# Video clip now working...



## colpa110 (Jul 5, 2011)

I could only get it to do a small part...but better than nothing!!!!


----------



## mairi1 (Mar 12, 2012)

Aww sooooo cute ...


----------



## Fiver (Nov 26, 2011)

Lovely Betty
Lovely Ted
Love your garden


----------



## Jmer64 (Mar 20, 2012)

Haha! The big one is SO teasing the little one with the stick! What funny personalities they all have!


----------



## colpa110 (Jul 5, 2011)

Fiver said:


> Lovely Betty
> Lovely Ted
> Love your garden


The garden is a mess...the trench / moat has been dug out in anticipation of a conservatory being built for the doggies!!!!


----------



## mandym (Jun 5, 2011)

Omg how cute!! I love the way puppies waddle about! He must be really tiny because betty is a little toot xxx


----------



## Ali79 (Mar 30, 2011)

Aaahh love this video Colin - both Poos are absolutely gorgeous and I am so envious of your beautiful garden  x


----------



## Janev1000 (Oct 4, 2011)

I love the way Betty teases him with the stick. You are going to have a lot of laughs! Betty looks taller in the video or is it just 'Tiny Ted'!! Very cute!! x


----------



## Janev1000 (Oct 4, 2011)

Right I'm off to bed - I think we're all going to be dreaming choccie poos tonight! - hope you have a good night Colin! x


----------



## colpa110 (Jul 5, 2011)

Janev1000 said:


> I love the way Betty teases him with the stick. You are going to have a lot of laughs! Betty looks taller in the video or is it just 'Tiny Ted'!! Very cute!! x


Actually Jane that is not a stick....it is a frozen.....errr, ermmm, well better off not knowing

Bettys legs look a bit longer when her coat is a bit shorter....gave her a bit of a chop a couple of weeks ago when it was really hot!!


----------



## Janev1000 (Oct 4, 2011)

Oh now you've said it - I can see what it is - Biscuit loves those! x


----------



## Dextersmum (Feb 9, 2012)

What a little pudding!

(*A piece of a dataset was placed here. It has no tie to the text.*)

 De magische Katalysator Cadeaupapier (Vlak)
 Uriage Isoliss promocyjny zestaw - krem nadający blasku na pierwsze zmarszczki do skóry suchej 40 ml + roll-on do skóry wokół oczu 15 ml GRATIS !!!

Beautiful dogs


----------



## Bertie Brown (Aug 12, 2011)

Lovely video! They are so cute together :love-eyes:


----------



## mariag (Jun 19, 2011)

That is such a fab video Colin


----------



## JoJo (Mar 2, 2011)

Ahh lovely poos  they look fab together xxx


----------



## lady amanda (Nov 26, 2010)

So cute !!! they will be best of friends for sure !!


----------



## Jedicrazy (Apr 26, 2011)

Lovely video....they are best friends already and Betty is such a tease!


----------



## Pollypiglet (Oct 22, 2011)

Love it Ted seems so in control bit like 'hey I'm not that bothered do what you want!'


----------



## wellerfeller (Jul 12, 2011)

Can we have another video Colin? Please?? Love seeing these chunky monkey puppy poos running about.


----------



## Jedicrazy (Apr 26, 2011)

Yes we need more puppy updates please!


----------



## colpa110 (Jul 5, 2011)

Ggrrr ...I thought I had got some really good footage of the pair of them taking toys out of their toy box...only to find I had not been recording!!! Well , it is a new camera( my excuse and I'm sticking to it!!) ...and now the batteries have run out


----------



## Jedicrazy (Apr 26, 2011)

colpa110 said:


> Ggrrr ...I thought I had got some really good footage of the pair of them taking toys out of their toy box...only to find I had not been recording!!! Well , it is a new camera( my excuse and I'm sticking to it!!) ...and now the batteries have run out


Colin! Talk about bad timing, get your act together! :furious::rant::talktohand:
Lol, I have always wanted to use those smilies....thanks! :laugh:


----------